**Assignment:**
The answer must consist solely of the lines from the line with "image-komik-that-girl-is-cute-but-dangerous-chapter-26-6/14" to the end of the data below, transcribed exactly and with no pictures.

**Supplied entries:**
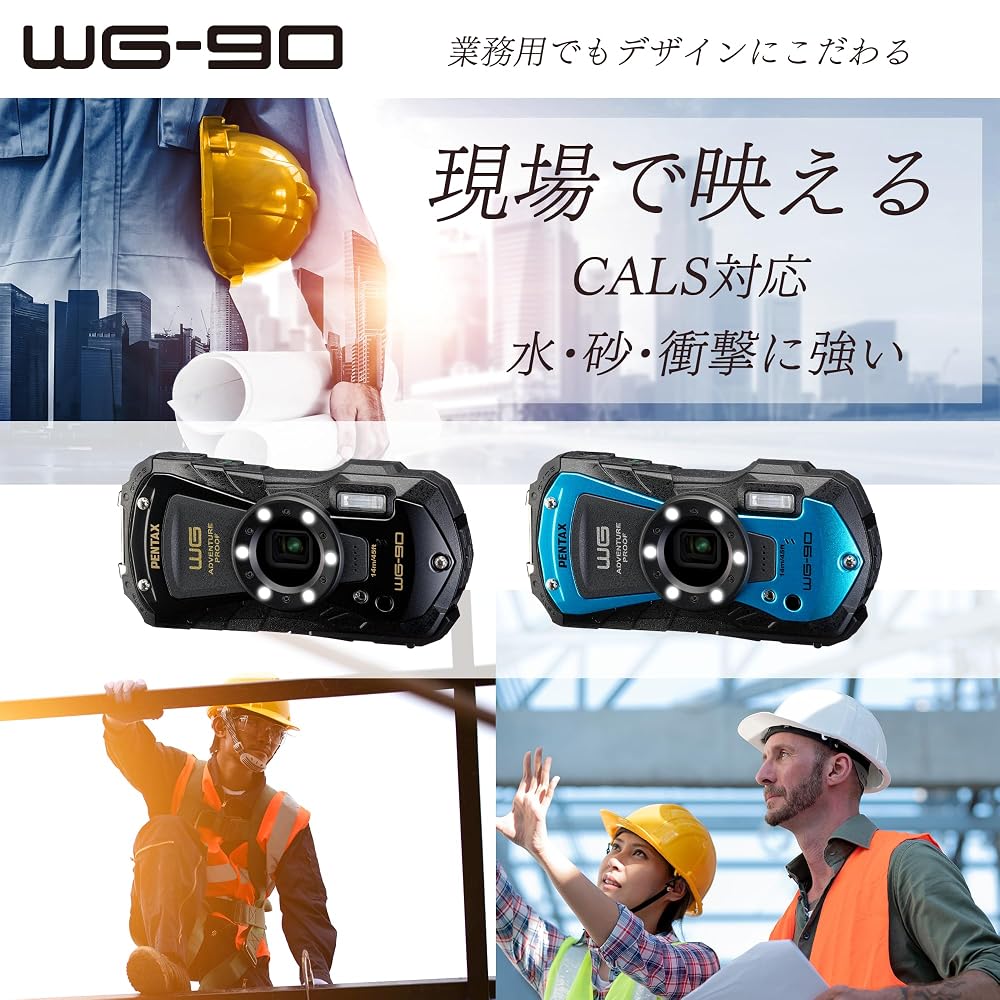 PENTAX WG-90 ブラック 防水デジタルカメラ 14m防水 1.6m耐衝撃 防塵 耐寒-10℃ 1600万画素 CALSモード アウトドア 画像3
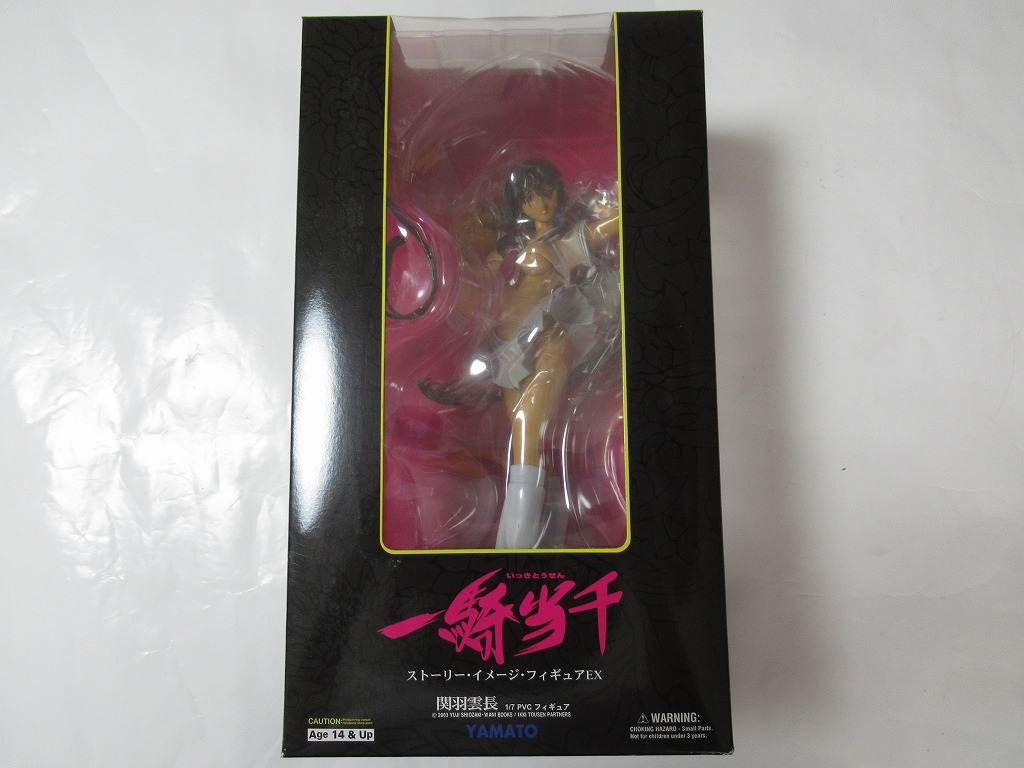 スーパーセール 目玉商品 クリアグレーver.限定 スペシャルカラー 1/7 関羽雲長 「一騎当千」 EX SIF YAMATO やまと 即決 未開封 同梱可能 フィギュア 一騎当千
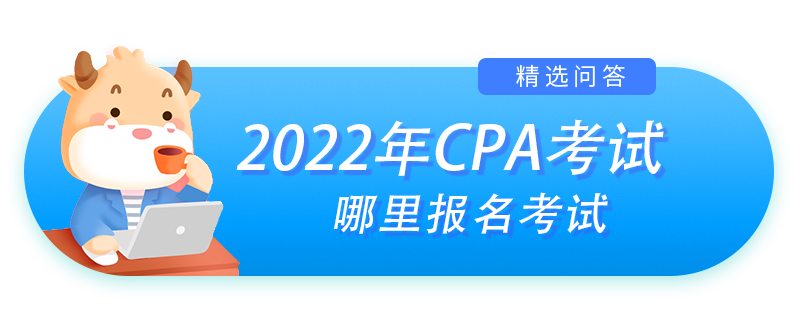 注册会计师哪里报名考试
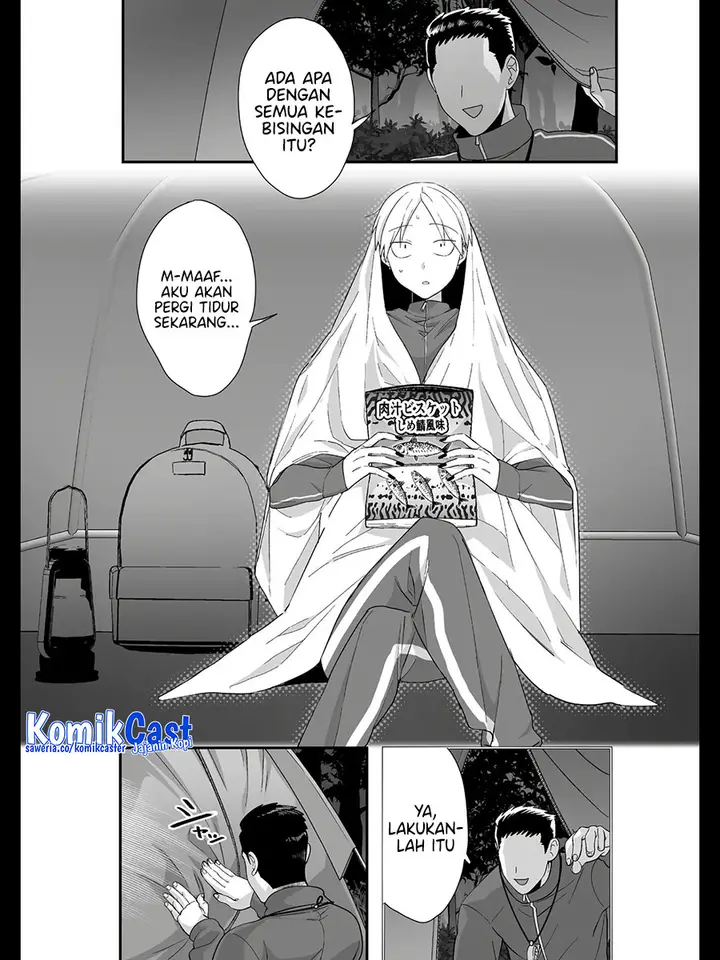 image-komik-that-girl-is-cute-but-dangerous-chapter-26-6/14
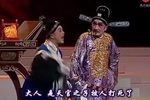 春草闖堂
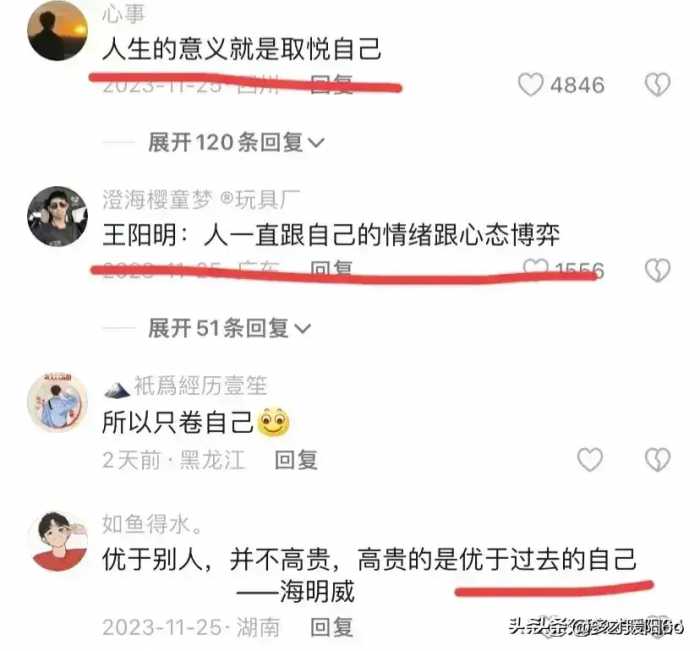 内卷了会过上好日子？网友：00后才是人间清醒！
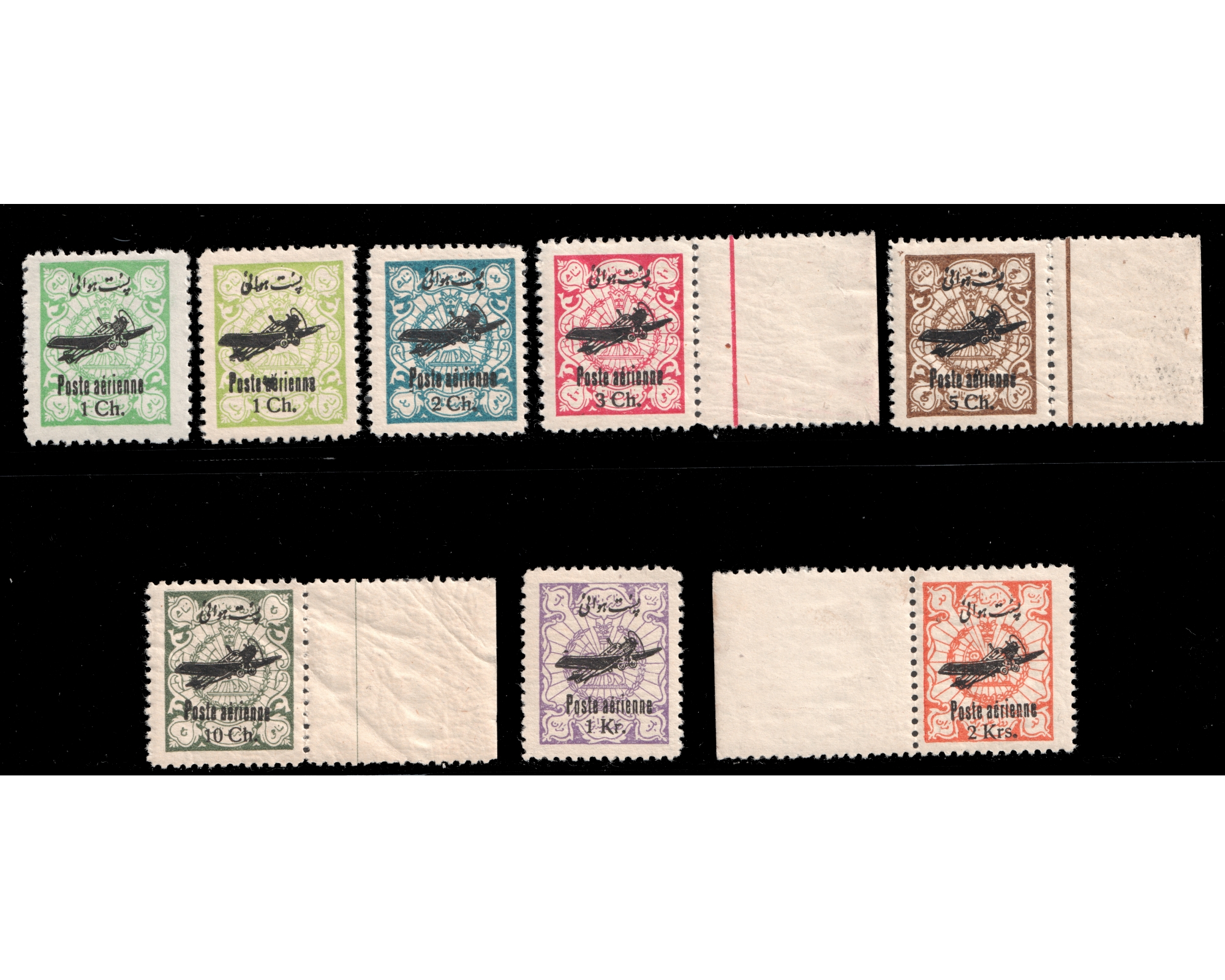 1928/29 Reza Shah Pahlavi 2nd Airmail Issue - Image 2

**Task output:**
 image-komik-that-girl-is-cute-but-dangerous-chapter-26-6/14
 春草闖堂
 内卷了会过上好日子？网友：00后才是人间清醒！
 1928/29 Reza Shah Pahlavi 2nd Airmail Issue - Image 2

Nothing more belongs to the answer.